Last week in science, the Super Lollipops made observational drawings of the plants on the roof. During that time, I was asked many questions about how the plants would be cared for, including how they would get water. BSNS’s garden does have an irrigation system, but I decided this was an excellent opportunity to discuss precipitation, especially with the change in the seasons and the weather patterns.
We started science this week by briefly discussing clouds and rain, and the Super Lollipops were introduced to the word precipitation. We then read the picture book Cloudette by Tom Lichtenheld.
Creating a cloud in a jar provides a simplistic model, offering a hands-on visual of how it rains. Using a jar, a pipette, water, shaving cream, and food coloring, the Super Lollipops explored how a cloud collects moisture, becomes saturated, and eventually produces rain.

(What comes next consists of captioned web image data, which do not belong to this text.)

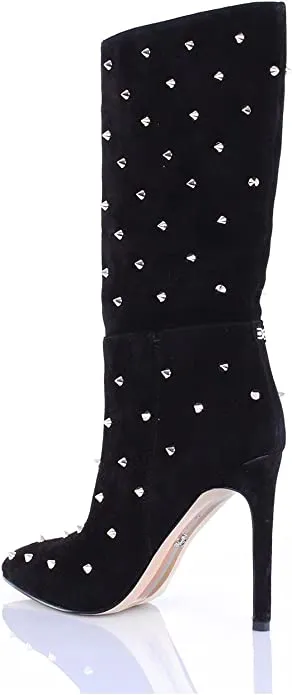 Sam Edelman Womens Waylyn Suede Pointed Toe Stiletto Heeled Mid-Calf Dress Boots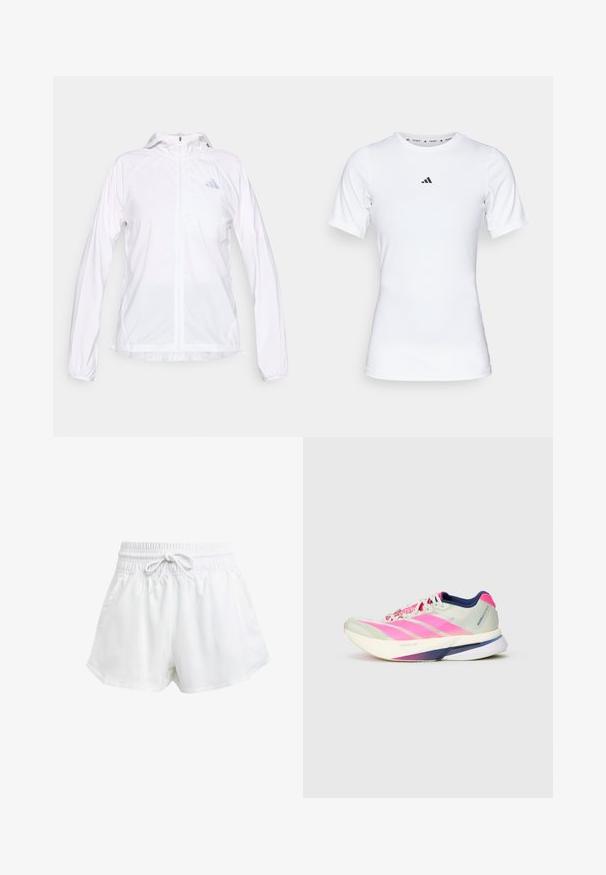 Valge kerge lukuga spordijakk kapuutsiga ja pikkade varrukatega, vasakul rinnal väike helkurdetailidega Adidas logo.; Valge lühikeste varrukatega sportlik särk, mis on valmistatud siledast ja venivast kangast. Rinnal on väike must Adidas'i logo.; Valged spordilühikesed püksid elastse vöökoha ja reguleeritava paelaga. Valmistatud kergest materjalist, küljetaskudega ja lõdva istuvusega.; Jooksujalats, millel on kerge võrkkonstruktsioon helesinises ja roosa triibudega, lilla aktsentide ja paksu valge tallaga, millel on silt "LIGHTSTRIKE PRO."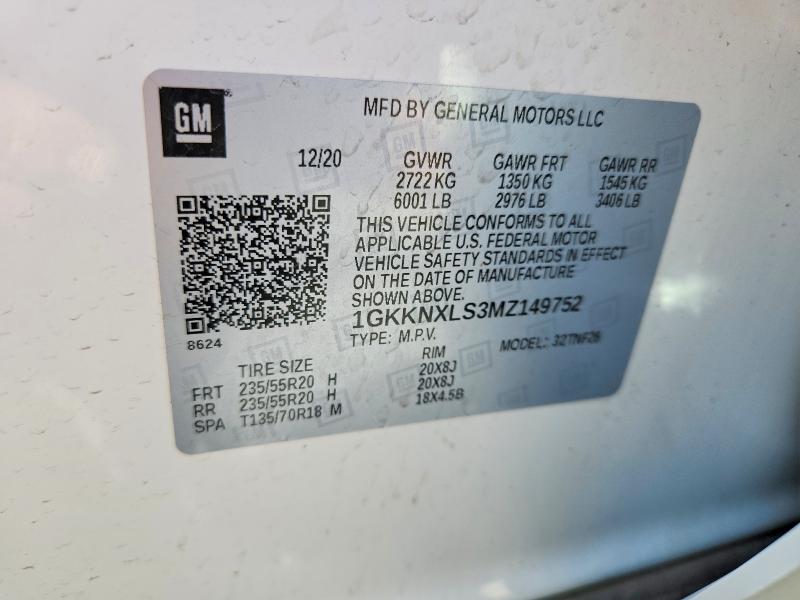 Aukcja sprzedaży 2021 Gmc Acadia, vin: 1GKKNXLS3MZ149752, numer aukcji: 47905066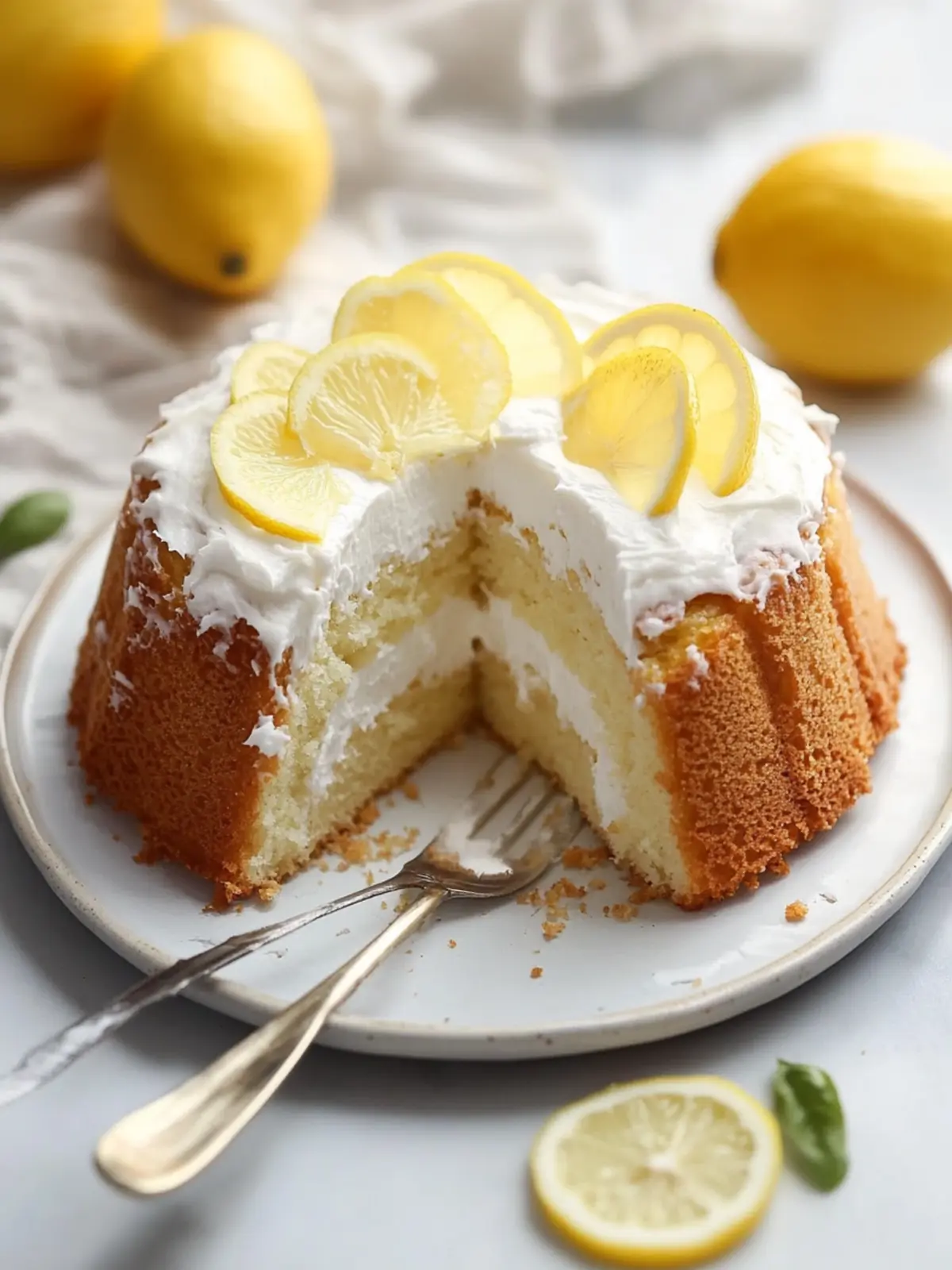 Heavenly Lemon Angel Food Cake with Creamy Lemon Sauce 2 Lemon Angel Food Cake with Lemon Cream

The students thought about how many drops it would take to fill the shaving cream “cloud.” They noticed that the more drops they added, the larger their clouds became. Some clouds grew higher up out of the jar, and some started to overflow the edges of the jar. They marveled at the “storms” they created in their jars as the colored water mixed and became dark. *Putting a little art and creativity into scientific learning in early childhood is beneficial as children engage in the joy of learning.
The science: Clouds are formed as water vapor rises into the air. As it rises, the water vapor collects small dust and debris particles, forming droplets. As these droplets condense, they form clouds. Rain is formed when the droplets and debris crystals in the cloud become heavy, and gravity starts to pull them down towards earth as raindrops.